DESCRIPTION OF THE TASK: Below are the records; restate word for word the lines from the first through the one containing "TECLADO INALAMBRICO CON", and only those.
/---
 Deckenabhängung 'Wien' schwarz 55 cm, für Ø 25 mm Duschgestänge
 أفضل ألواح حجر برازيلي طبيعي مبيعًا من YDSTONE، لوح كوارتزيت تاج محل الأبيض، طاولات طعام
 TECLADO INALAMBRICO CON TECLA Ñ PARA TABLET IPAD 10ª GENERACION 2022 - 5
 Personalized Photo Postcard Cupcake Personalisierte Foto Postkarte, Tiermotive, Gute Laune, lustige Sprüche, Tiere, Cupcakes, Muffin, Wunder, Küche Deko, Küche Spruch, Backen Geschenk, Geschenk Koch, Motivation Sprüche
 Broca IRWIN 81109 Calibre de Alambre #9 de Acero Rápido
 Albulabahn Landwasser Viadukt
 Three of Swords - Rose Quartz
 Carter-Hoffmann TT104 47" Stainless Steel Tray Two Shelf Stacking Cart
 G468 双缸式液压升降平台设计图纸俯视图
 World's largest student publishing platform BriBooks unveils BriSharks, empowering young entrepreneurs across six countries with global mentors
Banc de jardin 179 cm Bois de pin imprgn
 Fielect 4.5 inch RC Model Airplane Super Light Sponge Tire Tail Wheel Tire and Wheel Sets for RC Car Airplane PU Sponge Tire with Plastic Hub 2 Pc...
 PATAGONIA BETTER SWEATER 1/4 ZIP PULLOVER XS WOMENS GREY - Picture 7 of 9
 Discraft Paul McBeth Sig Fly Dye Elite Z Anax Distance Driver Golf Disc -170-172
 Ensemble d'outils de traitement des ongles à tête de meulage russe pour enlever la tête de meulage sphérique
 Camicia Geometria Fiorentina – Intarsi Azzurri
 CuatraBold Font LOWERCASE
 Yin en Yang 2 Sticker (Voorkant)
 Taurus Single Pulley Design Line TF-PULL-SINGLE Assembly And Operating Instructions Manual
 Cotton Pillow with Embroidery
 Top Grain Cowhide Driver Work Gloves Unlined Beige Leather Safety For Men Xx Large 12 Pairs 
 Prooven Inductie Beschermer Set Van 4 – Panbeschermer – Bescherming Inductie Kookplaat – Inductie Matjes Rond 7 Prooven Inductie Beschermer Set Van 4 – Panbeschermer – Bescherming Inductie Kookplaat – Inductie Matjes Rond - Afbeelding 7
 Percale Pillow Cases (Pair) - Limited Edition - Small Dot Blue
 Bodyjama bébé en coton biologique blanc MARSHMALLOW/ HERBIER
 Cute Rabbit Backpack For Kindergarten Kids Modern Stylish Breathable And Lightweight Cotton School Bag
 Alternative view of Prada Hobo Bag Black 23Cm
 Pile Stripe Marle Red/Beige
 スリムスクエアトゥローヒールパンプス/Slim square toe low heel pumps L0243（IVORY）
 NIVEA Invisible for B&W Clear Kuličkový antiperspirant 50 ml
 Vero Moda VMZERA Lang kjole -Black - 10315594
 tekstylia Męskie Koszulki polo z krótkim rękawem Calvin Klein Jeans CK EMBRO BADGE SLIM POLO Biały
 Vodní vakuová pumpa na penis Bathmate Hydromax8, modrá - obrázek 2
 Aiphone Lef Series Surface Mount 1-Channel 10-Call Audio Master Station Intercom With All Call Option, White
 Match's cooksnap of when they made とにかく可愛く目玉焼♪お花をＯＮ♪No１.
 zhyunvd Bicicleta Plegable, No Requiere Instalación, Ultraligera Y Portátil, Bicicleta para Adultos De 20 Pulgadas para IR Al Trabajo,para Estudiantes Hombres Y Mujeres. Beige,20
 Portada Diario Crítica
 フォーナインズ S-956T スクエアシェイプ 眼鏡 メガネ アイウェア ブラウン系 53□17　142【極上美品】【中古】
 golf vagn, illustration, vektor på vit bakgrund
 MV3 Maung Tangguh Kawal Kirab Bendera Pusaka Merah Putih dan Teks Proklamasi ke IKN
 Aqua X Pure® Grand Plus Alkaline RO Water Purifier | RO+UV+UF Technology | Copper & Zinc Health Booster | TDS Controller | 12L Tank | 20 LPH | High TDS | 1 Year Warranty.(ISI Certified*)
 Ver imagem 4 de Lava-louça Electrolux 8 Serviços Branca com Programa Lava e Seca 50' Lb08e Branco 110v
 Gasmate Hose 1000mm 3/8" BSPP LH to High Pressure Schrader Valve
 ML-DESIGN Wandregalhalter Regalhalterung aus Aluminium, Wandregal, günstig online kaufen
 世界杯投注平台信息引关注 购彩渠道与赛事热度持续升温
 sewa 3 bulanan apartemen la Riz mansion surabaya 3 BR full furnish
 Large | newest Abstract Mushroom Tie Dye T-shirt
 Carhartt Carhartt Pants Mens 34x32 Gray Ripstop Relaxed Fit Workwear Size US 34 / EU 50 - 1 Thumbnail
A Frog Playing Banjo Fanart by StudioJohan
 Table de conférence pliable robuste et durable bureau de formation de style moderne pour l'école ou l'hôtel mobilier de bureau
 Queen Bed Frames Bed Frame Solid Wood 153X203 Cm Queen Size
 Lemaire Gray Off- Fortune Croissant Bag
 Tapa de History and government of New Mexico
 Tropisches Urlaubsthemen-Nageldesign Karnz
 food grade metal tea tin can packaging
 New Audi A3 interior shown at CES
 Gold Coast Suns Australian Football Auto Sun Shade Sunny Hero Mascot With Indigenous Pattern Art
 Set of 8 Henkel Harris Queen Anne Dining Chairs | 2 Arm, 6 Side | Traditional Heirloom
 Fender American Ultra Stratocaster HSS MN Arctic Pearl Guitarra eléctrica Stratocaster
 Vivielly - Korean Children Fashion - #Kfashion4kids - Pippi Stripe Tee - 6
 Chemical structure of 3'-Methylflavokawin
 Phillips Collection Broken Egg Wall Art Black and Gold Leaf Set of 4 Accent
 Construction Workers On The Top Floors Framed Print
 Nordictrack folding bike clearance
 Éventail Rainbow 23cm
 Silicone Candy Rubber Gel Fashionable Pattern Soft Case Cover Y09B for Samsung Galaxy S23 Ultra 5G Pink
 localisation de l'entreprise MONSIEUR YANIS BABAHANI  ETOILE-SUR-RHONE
\---
RESULT BELOW:
 Deckenabhängung 'Wien' schwarz 55 cm, für Ø 25 mm Duschgestänge
 أفضل ألواح حجر برازيلي طبيعي مبيعًا من YDSTONE، لوح كوارتزيت تاج محل الأبيض، طاولات طعام
 TECLADO INALAMBRICO CON TECLA Ñ PARA TABLET IPAD 10ª GENERACION 2022 - 5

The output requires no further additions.